Monday was the day I was dreading. The original plan was to drive downtown to the science museum [to look at old stuff and watch an IMAX movie] and then to the city’s famous aquarium. Don’t laugh. There isn’t much else to do where I live. This idea was quickly dismissed by gay cousin who doesn’t know he’s gay yet: “We have the biggest aquarium and the biggest IMAX theatre in my city.” This made me very happy because honestly one more trip to that museum and I would’ve shot myself. We decided to drive to Estes Park instead which is this little town with lots of pretty views and overpriced gift shops and the one famous hotel where ‘The Shining’ was shot. I took a picture of this car. I still haven’t figured out what all the fuss is but everyone around was taking pictures and I wanted to seem interested.
Mother insisted I pose for pictures with the visitors near the fountain and near the tree and near the car and near the mountains. I looked around for a sign from God, just something to show me that he didn’t completely hate me. [Hey I did go to Easter service and all] and then I saw this.
Everything seemed to be going great for a while. I sipped on my coffee and helped mum help aunty do some touristy shopping when gay cousin who doesn’t know he’s gay yet decided to announce really loud to everyone that he was on the lookout for a teddy bear with Estes Park or Rocky Mountain National Park written on it. “For my collection” he said. I kid you not! This of course made me burn my tongue and I tried to look away casually while trying to stifle my laughter and tears while my mother nudged me [very obviously] and whispered [very loudly] to behave decently around the guests. I then proceeded to assure gay cousin who doesn’t know he’s gay yet [with the best acting performance I had put on all weekend] that I would keep my eyes open for the requested stuffed animal.
Mother then suggested we go to one of the shops where we could dress up in ancient costumes and take funny pictures. Gay cousin who doesn’t know he’s gay yet was very excited by this proposition and decided he wanted to dress up as a cowboy and as a native Indian. He was very convincing as the latter. Mother, aunty and random lady who decided to tag along for weekend trip each chose their outfits and tried over and over again to persuade me into being a good sport.
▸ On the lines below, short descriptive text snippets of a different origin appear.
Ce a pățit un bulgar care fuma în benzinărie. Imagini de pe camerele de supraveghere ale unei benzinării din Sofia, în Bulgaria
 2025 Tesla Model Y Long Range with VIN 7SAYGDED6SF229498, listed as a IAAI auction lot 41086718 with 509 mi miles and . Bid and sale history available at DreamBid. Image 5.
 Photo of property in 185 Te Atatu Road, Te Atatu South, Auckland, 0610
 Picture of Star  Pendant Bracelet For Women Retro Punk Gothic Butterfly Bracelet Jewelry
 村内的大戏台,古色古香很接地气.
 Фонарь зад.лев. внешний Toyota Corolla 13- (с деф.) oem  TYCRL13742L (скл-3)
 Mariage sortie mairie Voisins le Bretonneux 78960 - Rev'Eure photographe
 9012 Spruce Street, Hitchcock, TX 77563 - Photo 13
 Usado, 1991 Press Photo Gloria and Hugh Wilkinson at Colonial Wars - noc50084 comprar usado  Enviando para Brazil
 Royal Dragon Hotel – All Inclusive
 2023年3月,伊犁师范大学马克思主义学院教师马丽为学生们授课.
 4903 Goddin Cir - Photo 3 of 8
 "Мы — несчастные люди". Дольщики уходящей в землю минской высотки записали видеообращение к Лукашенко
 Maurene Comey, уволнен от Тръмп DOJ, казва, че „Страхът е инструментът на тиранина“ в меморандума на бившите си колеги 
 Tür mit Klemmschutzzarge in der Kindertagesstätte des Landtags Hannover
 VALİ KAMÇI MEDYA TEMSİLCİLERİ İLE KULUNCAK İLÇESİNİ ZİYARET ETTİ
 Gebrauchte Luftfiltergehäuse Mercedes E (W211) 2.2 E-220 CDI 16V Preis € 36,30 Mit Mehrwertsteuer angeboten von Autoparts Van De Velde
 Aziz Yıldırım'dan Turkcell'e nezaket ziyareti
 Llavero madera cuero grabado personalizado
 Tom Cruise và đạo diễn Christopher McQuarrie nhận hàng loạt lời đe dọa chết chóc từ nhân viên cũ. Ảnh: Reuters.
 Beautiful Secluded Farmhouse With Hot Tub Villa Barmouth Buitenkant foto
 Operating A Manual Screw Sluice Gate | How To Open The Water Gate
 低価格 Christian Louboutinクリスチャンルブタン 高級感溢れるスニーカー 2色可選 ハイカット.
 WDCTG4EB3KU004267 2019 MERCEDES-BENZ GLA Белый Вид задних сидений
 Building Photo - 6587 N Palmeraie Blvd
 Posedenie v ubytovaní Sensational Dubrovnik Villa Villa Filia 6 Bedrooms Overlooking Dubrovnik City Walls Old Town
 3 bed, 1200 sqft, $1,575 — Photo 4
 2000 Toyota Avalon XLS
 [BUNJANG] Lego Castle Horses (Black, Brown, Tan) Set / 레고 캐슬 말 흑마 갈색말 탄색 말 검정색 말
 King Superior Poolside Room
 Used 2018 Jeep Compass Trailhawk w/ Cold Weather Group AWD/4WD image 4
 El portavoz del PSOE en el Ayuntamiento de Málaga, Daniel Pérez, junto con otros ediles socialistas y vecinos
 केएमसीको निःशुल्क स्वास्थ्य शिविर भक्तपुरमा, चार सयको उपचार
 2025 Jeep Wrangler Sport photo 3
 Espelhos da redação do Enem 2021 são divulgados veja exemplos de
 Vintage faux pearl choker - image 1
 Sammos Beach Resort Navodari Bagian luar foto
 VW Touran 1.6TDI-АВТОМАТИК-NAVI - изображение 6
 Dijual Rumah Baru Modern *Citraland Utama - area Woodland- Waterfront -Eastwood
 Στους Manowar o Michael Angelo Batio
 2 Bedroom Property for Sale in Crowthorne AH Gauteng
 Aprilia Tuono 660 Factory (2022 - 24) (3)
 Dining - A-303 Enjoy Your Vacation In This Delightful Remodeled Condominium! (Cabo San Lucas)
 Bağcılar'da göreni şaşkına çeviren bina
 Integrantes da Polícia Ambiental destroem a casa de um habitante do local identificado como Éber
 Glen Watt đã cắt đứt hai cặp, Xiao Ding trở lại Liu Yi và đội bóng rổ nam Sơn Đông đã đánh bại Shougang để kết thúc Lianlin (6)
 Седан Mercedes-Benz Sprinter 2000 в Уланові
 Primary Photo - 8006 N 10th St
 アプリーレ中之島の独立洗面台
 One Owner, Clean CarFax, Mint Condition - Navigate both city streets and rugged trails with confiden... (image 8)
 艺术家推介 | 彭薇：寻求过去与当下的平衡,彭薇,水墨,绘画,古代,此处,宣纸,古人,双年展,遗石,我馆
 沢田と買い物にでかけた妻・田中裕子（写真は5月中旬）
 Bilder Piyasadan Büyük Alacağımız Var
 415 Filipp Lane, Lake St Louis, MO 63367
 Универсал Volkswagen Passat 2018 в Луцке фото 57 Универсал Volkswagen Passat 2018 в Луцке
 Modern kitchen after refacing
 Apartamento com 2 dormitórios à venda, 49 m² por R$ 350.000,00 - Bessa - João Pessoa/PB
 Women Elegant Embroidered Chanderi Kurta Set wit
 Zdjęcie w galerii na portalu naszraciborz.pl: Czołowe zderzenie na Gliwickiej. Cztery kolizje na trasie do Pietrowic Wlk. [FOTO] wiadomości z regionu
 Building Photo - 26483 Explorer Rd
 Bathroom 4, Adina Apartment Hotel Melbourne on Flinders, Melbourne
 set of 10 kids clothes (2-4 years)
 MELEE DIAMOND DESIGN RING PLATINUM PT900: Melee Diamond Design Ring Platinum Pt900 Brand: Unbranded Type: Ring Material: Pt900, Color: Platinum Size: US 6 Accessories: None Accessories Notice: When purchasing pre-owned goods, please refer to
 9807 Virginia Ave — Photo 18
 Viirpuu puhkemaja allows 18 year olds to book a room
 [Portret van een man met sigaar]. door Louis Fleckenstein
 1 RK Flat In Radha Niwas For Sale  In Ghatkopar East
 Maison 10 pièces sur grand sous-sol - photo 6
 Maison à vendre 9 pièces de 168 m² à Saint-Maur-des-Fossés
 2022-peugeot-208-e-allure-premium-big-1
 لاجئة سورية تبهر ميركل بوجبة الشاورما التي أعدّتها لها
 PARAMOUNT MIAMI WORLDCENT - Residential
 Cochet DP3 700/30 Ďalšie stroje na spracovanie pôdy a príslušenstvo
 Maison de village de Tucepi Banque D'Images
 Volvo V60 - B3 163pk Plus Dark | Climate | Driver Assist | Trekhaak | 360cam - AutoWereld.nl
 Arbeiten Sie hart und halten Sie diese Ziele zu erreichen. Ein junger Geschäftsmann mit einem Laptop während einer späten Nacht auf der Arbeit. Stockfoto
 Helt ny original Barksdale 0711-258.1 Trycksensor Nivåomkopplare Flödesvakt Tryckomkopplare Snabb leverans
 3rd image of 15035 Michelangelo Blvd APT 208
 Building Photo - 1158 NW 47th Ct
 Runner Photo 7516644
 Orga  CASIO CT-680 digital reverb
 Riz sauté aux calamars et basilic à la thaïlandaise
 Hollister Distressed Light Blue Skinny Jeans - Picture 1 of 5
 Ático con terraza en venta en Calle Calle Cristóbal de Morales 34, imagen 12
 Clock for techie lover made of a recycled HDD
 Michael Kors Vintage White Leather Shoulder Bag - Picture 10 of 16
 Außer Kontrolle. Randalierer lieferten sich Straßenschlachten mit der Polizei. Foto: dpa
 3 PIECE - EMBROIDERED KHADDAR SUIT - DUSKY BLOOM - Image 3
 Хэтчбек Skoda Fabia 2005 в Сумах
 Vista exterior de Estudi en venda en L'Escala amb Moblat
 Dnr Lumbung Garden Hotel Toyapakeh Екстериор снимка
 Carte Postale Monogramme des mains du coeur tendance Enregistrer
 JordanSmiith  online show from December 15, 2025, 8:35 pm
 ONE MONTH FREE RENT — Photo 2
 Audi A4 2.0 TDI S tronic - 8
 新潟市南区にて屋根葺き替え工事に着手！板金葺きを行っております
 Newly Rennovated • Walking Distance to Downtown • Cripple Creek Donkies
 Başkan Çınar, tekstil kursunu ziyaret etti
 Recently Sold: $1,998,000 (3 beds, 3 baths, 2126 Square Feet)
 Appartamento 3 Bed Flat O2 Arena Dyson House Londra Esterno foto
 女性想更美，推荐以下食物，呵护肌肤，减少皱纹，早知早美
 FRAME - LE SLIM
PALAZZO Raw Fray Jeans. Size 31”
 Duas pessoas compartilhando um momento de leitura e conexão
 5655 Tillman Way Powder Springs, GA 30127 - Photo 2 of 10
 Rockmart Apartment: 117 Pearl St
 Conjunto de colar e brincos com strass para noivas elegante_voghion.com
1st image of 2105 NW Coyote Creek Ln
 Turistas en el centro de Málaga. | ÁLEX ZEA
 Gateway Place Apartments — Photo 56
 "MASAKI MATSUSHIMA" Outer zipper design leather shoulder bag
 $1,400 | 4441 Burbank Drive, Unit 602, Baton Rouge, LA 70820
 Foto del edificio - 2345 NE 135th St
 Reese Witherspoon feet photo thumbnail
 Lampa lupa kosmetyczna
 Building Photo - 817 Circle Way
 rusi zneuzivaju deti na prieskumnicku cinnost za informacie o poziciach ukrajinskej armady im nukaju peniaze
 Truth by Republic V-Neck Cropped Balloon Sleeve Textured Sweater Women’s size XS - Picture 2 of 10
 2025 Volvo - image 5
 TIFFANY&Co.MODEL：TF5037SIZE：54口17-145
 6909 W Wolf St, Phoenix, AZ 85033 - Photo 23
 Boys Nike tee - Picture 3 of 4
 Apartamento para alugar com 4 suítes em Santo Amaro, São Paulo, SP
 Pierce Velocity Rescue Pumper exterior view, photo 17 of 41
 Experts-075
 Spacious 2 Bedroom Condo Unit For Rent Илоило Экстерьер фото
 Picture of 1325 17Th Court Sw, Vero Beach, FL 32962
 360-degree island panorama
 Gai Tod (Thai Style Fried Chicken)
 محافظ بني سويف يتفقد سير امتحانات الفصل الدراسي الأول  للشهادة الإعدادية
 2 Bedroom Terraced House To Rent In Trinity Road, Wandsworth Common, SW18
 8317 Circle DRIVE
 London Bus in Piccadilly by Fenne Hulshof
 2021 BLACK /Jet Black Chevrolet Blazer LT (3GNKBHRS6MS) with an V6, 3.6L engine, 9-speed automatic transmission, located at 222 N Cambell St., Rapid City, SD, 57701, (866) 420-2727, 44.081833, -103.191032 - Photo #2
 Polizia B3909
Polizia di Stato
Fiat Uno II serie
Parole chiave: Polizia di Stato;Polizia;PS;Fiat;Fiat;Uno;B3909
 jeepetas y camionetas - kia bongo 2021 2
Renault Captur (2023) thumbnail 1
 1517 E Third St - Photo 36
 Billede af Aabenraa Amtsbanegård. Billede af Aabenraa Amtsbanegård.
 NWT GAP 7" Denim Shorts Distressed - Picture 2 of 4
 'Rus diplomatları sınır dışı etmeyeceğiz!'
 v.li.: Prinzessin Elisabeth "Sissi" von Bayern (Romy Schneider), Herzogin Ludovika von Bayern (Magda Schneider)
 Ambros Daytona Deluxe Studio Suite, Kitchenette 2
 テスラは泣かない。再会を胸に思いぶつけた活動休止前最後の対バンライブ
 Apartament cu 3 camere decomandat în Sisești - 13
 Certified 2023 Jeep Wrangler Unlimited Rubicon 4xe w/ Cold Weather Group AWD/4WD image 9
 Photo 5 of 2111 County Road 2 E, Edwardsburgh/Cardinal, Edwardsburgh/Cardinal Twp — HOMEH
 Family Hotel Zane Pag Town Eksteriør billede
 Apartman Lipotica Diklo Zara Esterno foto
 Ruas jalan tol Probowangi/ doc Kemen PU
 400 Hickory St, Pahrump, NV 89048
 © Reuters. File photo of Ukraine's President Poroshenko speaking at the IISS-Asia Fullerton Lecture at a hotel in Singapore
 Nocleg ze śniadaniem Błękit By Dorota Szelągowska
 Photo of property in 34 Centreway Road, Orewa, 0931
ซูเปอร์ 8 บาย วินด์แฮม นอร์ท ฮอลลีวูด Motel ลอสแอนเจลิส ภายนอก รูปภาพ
I refused politely each time and sat down comfortably to watch the show [and make sarcastic comments …. all in my head of course.] Store lady [who deserves an entire blog post of her own] played director. She spoke very slowly and very softly. She informed everyone that she had been doing this for 12 years. She wanted us to decide [from the display on the wall] what type of pictures we all wanted and then inform her ONLY when EVERYONE was ready. Gay cousin who doesn’t know he’s gay yet in his eagerness to dress up forgot about this highly critical instruction and explained to her in great detail ‘the look’ he was wanting [a little before everyone else was ready.] Store lady after making a mental note of his look now assumed everyone else was ready. She then tapped her pen on the table impatiently taking deep breaths. Her “Has everyone decided yet?” was acknowledged by hmms and haaans making store lady more and more agitated. Random lady who decided to tag along for weekend trip sang “Where’s the potty tonight?” while she tried on various dresses and hats. The song has been stuck in her head since watching KANK a couple of days ago [requested at the Indian store by gay cousin who doesn’t know he’s gay yet.] She has been informed that it is PARTY and not POTTY and to her credit she has tried to sing it both ways but it sounds exactly the same. I was of course greatly amused by all this and wished one of my friends were around to watch the afternoon’s entertainment live with me while also helping me scrutinize the slutty costumes.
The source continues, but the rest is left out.